The senator also points to his willingness “to stand in a crowd of a few or even a crowd of one when it comes to executing the promises we all make to get to Washington,” Conway says. When it came time to stand against the “final funding” of Obamacare, she notes, “there was only one person who stood on his feet for 21 hours.” This, of course, is a reference to the marathon speech Cruz mounted in an attempt to prevent funds from flowing to the health-care law. In the wake of this speech, Cruz became associated with the government shutdown that followed. “The grassroots love me,” he says, in Conway’s telling. “It’s the same reason the Washington establishment doesn’t care for me.”
As a first-term senator — Cruz was elected in 2012 — he has sought to allay concerns among donors about whether he has the requisite experience to be president. He’s talked about his years serving as solicitor general of Texas and claimed credit for victories on a number of important conservative issues: successfully defending the constitutionality of Texas’s Ten Commandments monument and of the words “under God” in the Pledge of Allegiance, and the Second Amendment’s applicability to federal property in District of Columbia v. Heller.

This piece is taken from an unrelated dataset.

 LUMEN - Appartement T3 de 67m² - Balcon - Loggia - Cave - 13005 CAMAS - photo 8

#related#Cruz has also tapped into a frustration among donors that millions of voters who might’ve been willing to support Republicans stayed home the past two presidential elections. He says he’s uniquely positioned to turn out a massive Evangelical electorate — as many as 100 million voters, according to one GOP strategist who has heard his pitch — that has gone largely untapped in recent elections. Some pollsters and election analysts dispute the existence of this sleeper group. Sean Trende, the co-author of the 2014 edition of the Almanac of American Politics and an elections analyst at Real Clear Politics has said that there were about 6 million fewer white voters in 2008 and 2012 than in previous years, and that those voters were not conservative Evangelicals, per se, but the sort of blue-collar Rust Belt voters who defected to Ross Perot in 1992.
Cruz may not be right, but he has a theory. And, for the party’s top donors, who hear pleas from all corners, “it’s more than some of these other candidates have for a path to victory,” says a GOP strategist familiar with Cruz’s pitch.

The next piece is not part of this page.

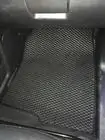 Chevrolet Captiva 2006–2019 EVA-lattiamatot (mustat) kuva 5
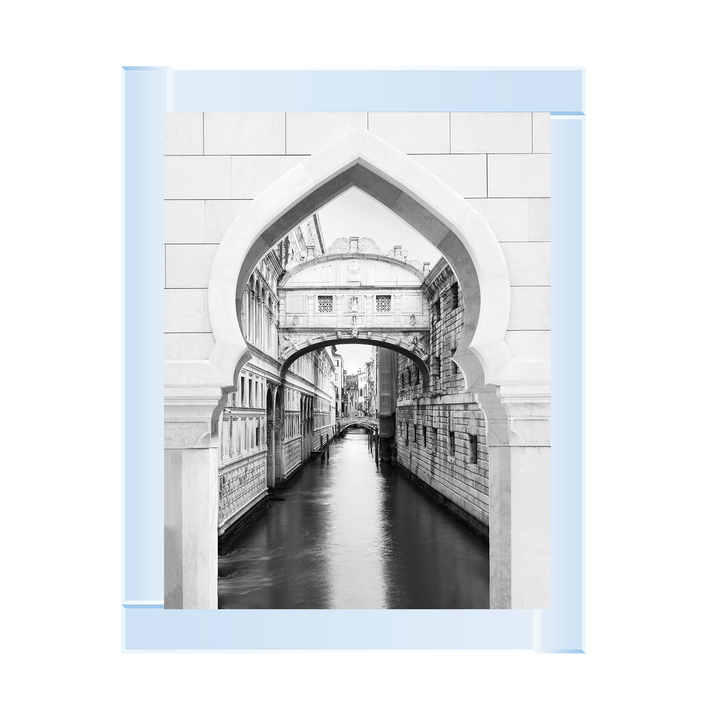 Water-city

As for those dreaded consultants the senator so often maligns, he’s not beyond their reach. The Cruz campaign has paid Axiom Strategies, the consulting firm owned by Cruz’s campaign manager, Jeff Roe, about $30,000 a month. A spokesman for the campaign says that fee covers Roe’s salary as well as those of three other campaign staffers. J2 Strategic Communications, the firm established by Cruz’s senior adviser, Jason Johnson, is also paid $20,000 a month for campaign work, which a Cruz spokesman says is the closest their operation comes to a traditional campaign-consultant relationship.
One of Roe’s former clients was former Texas lieutenant governor David Dewhurst, the establishment candidate defeated in a 2012 Senate bid by political upstart Ted Cruz. That’s how quickly friends of the Republican establishment can become foes, and vice versa. Now, Cruz is hoping for a similar transformation if he manages to make his renegade brand that of the Republican standard-bearer.